→ **LISTED ENTRIES**
________________________________________
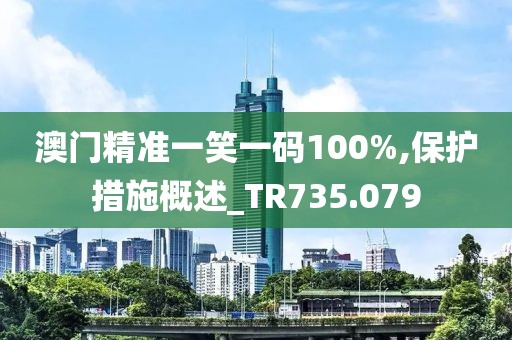 澳门精准一笑一码100%,保护措施概述_TR735.079
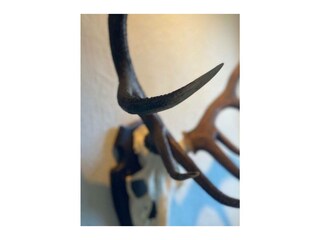 Ferienwohnung Hahnenklee Außenaufnahme 8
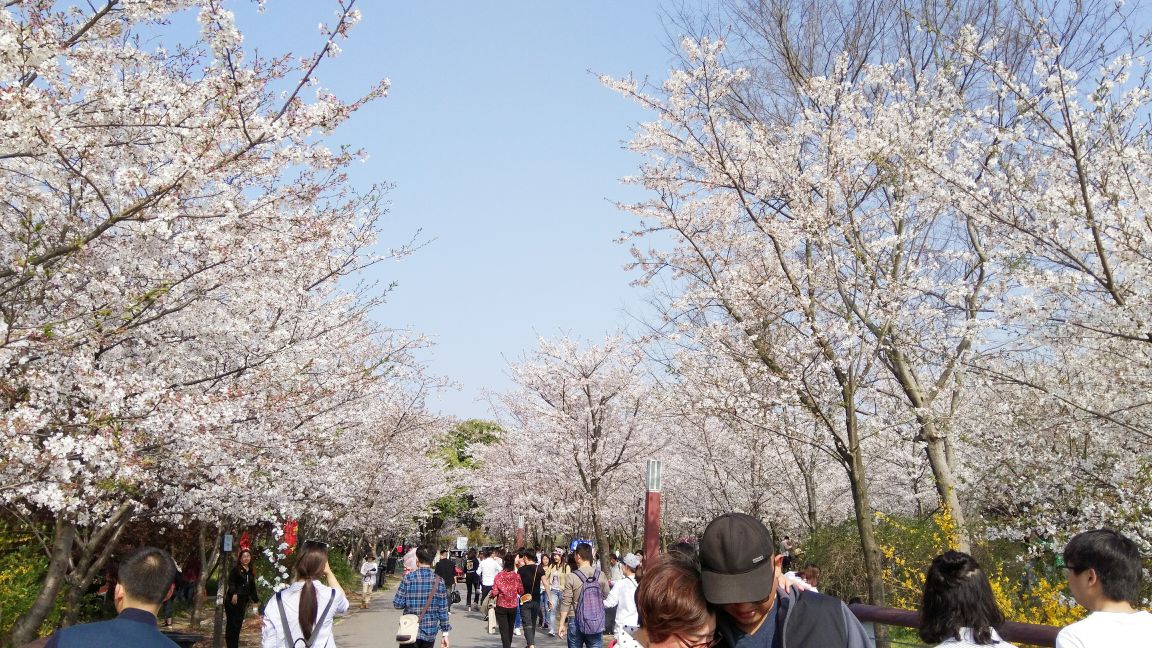 2019顾村公园_旅游攻略_门票_地址_游记点评,上海旅游景点推荐 去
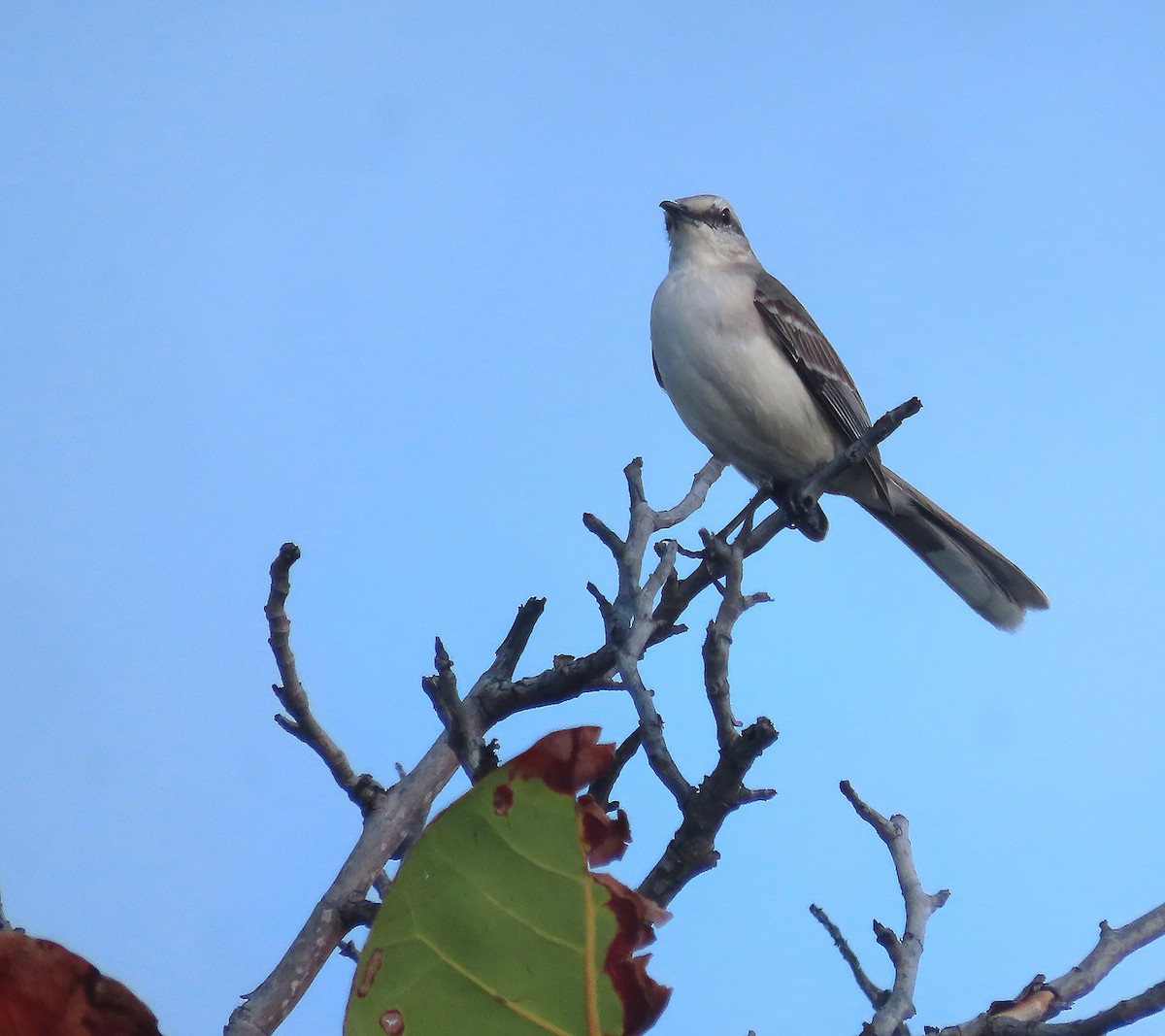 Tropical Mockingbird - ML616209158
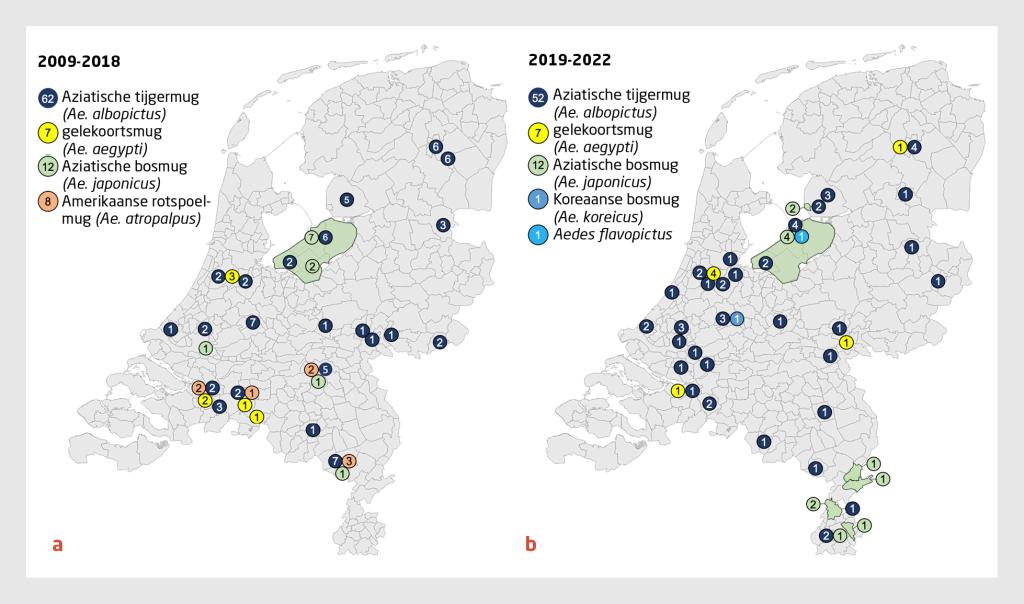 Figuur 2 | Waarnemingen van exotische muggen in Nederland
________________________________________
→ **ACTIVITY**
Restate exactly the lines that start at the "Ferienwohnung Hahnenklee Außenaufnahme 8" line and end with the last line of the material above, leaving out the pictures.

→ **OUTPUT BELOW**
 Ferienwohnung Hahnenklee Außenaufnahme 8
 2019顾村公园_旅游攻略_门票_地址_游记点评,上海旅游景点推荐 去
 Tropical Mockingbird - ML616209158
 Figuur 2 | Waarnemingen van exotische muggen in Nederland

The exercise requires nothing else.